# WHAT TO DO:
Once you reach the line with "So hero title" in the material below, copy each line exactly up to and including the line with "You can see", and skip the pictures.
RECORDS FOR THIS TASK below:
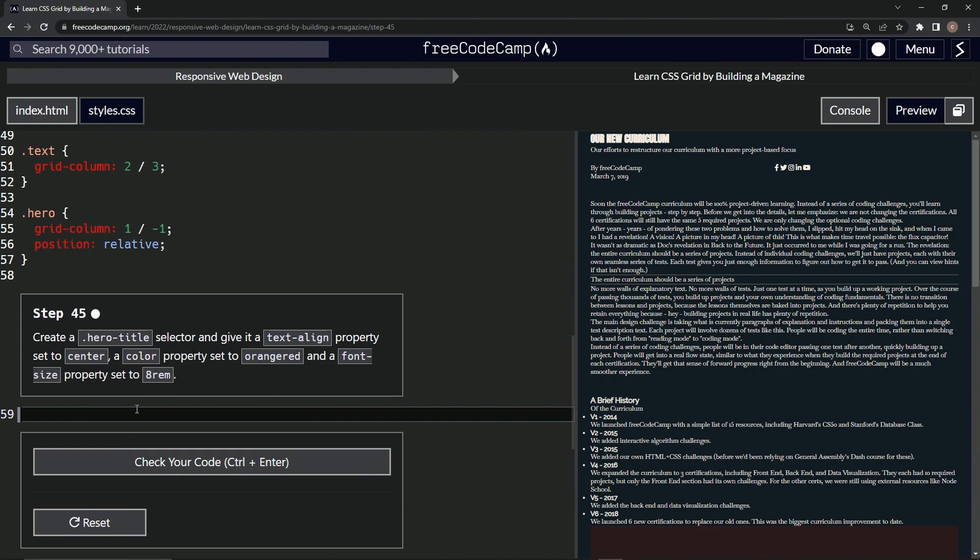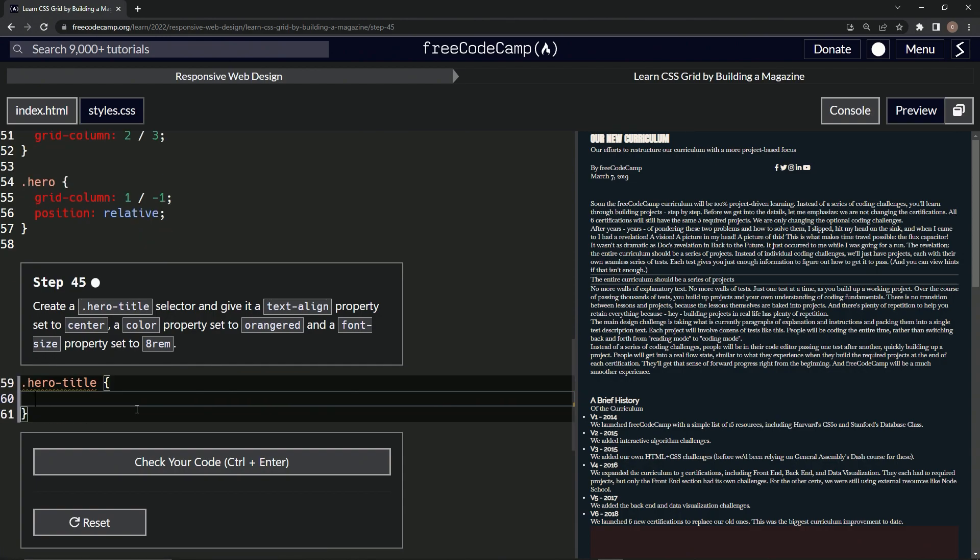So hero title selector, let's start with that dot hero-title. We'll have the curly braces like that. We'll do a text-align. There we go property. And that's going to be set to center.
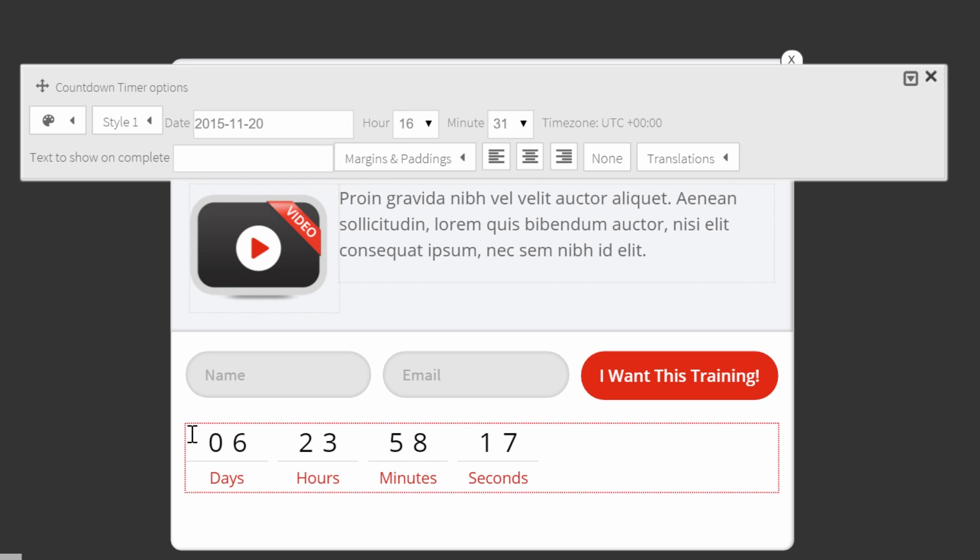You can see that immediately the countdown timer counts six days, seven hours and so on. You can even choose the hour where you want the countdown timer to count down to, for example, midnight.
End of RECORDS FOR THIS TASK.
RECORDS FOR THIS TASK below:
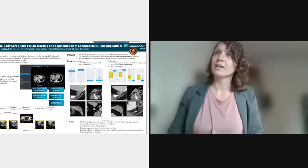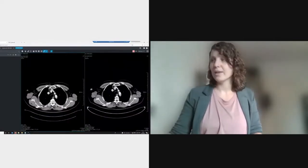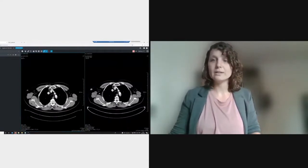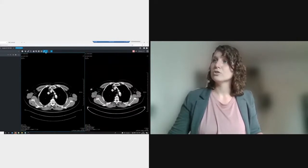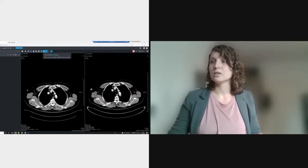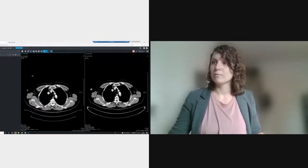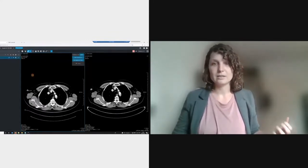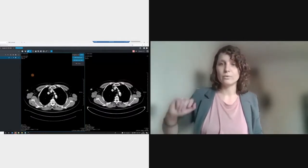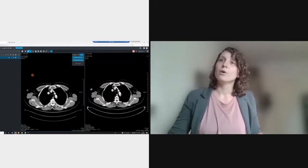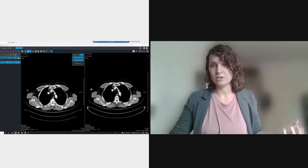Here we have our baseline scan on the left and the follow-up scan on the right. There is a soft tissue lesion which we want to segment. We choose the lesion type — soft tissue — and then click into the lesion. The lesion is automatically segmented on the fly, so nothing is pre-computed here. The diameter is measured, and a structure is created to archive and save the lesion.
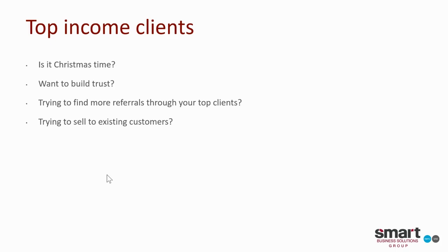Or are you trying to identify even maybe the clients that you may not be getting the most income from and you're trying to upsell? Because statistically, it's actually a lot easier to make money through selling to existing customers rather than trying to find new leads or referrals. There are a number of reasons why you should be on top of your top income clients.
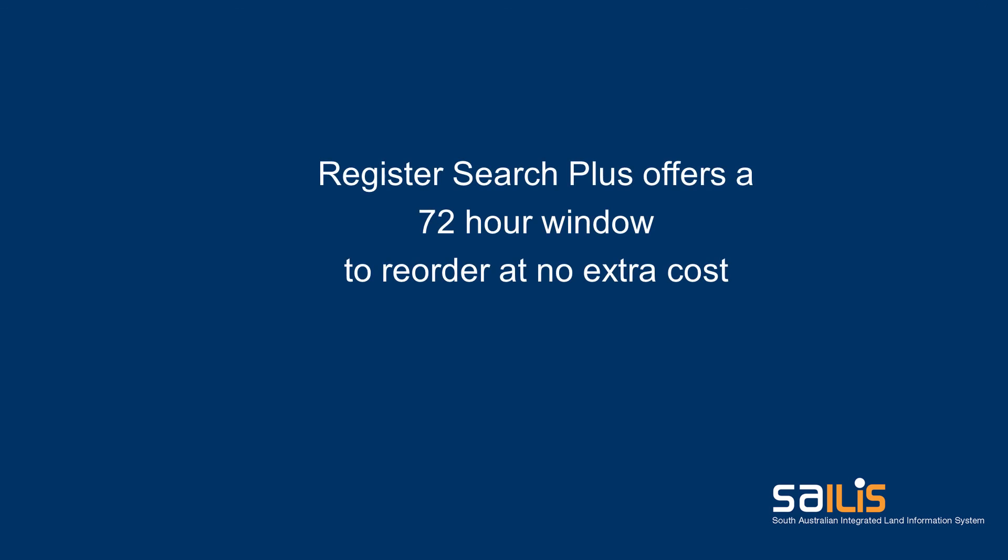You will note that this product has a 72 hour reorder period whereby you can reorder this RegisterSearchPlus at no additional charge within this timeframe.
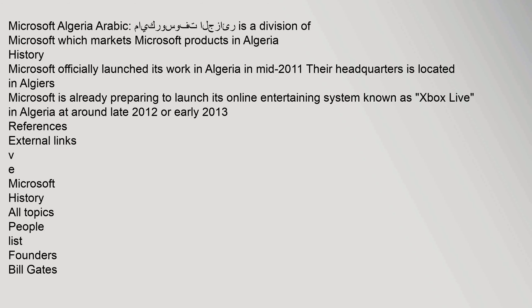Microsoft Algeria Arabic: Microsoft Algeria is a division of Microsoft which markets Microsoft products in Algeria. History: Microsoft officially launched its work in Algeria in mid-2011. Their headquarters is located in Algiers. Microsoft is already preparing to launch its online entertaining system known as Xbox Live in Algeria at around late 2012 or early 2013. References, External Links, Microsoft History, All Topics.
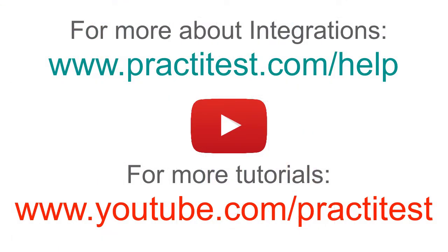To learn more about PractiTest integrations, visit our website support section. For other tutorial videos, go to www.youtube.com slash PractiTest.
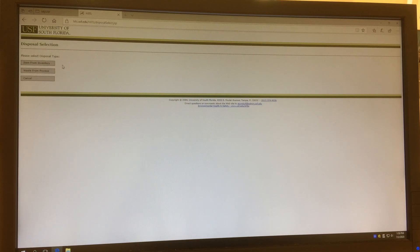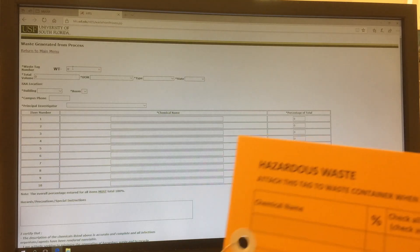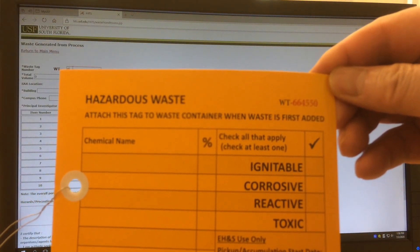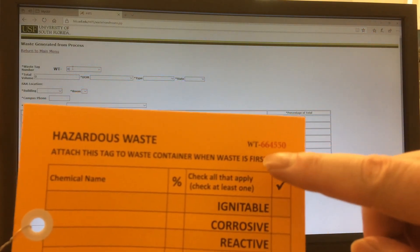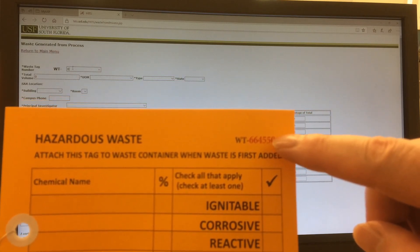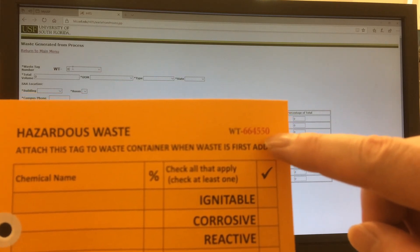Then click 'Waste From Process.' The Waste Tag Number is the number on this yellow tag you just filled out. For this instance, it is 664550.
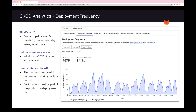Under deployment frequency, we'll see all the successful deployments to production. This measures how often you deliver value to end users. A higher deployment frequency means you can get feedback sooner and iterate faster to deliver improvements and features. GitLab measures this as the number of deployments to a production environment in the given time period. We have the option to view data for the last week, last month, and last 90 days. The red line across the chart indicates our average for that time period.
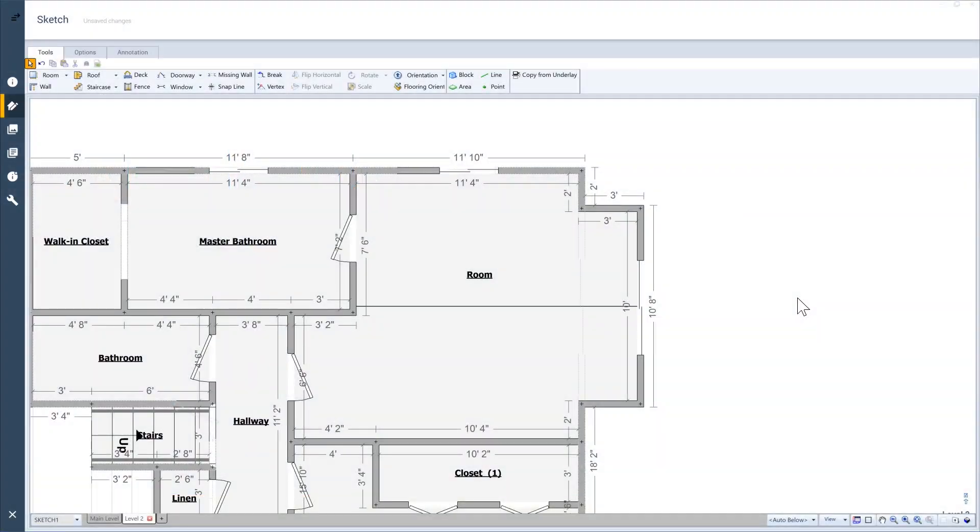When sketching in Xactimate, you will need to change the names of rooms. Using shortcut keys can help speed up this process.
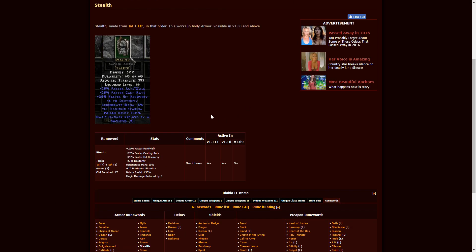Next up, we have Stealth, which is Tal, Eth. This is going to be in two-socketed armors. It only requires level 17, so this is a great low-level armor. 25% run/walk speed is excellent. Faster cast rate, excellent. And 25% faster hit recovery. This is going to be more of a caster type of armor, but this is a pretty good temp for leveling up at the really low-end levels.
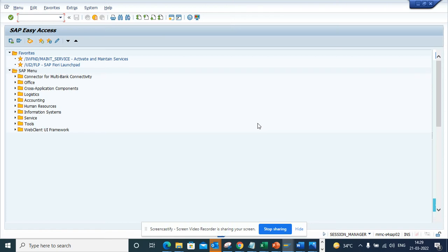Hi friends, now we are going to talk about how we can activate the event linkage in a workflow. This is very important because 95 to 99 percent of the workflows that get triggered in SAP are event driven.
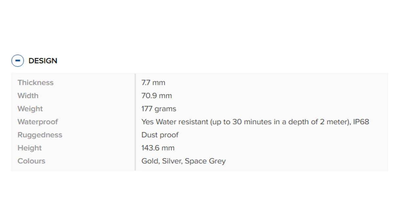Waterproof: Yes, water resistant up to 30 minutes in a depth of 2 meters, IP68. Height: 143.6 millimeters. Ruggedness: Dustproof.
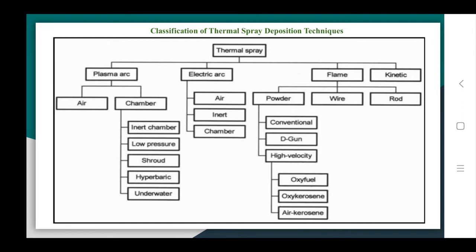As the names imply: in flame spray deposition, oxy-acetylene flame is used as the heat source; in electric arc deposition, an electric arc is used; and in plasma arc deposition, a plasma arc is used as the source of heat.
End of RECORDS FOR THIS TASK.
# WRITTEN REPLY:
So hero title selector, let's start with that dot hero-title. We'll have the curly braces like that. We'll do a text-align. There we go property. And that's going to be set to center.
You can see that immediately the countdown timer counts six days, seven hours and so on. You can even choose the hour where you want the countdown timer to count down to, for example, midnight.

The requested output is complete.